Quell’uomo era disperato, arrabbiato e triste, non certamente affetto da
sindrome depressiva. Il primo passo fu la richiesta del medico di turno
che mi chiese quale diagnosi segnare per la dimissione, io risposi
“disoccupazione” al che lei mi fece notare che non era presente negli
algoritmi e nei protocolli. Ci accordammo su un generico “crisi di angoscia
legata alla disoccupazione incipiente” e fu il primo passo.
L’episodio di questo signore e quello delle madri di cui sopra mi hanno
spinto a una riflessione sul ruolo della psichiatria che non può
liquidare una situazione complessa con una diagnosi semplicistica e
banalizzante. Se usiamo la lente della psichiatria rischiamo di
patologizzare quello che è il risultato di un sistema economico criminale e
disumanizzante, quello neoliberista.
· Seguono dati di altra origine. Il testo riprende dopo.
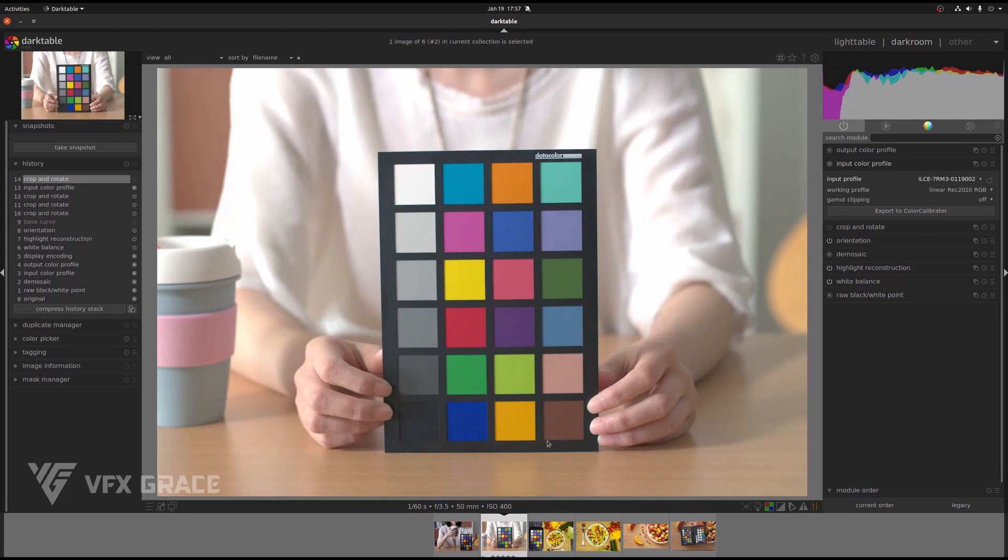That's all about how to install and use Color Calibrator. Hope it's helpful to you. Thank you for watching.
Se prescrivo un antidepressivo a
quel signore cassa integrato o alle madri in cerca del figlio desaparecido,
convinco queste persone di essere malate, con tutto quel che ne consegue.
Se pongo il focus sul contesto, mi chiedo se è malato il cassaintegrato che a
54 anni è gettato via come una cosa inutile o se è malato un sistema in cui
Valletta, amministratore delegato della Fiat negli anni ’60 guadagnava 30 volte
lo stipendio di un operaio, mentre Marchionne, nello stesso ruolo ma negli anni
2000 guadagnava oltre 500 volte lo stipendio di un operaio! E allo stesso modo
è malata una donna intristita per la scomparsa del figlio o è malata una
società che produce migranti in fuga dalla povertà, dalle crisi climatiche,
dalla violenza che servono ad arricchire le multinazionali e i paesi ricchi?
Non si possono creare i presupposti per incidere in maniera devastante
sulla salute mentale e poi chiedere ai servizi di salute mentale, già in
sofferenza, di occuparsene. Occorre uscire dalla logica binaria malattia/assenza
di malattia esplorando territori complessi nel segno della partecipazione,
della reciprocità, della solidarietà, delle soluzioni condivise.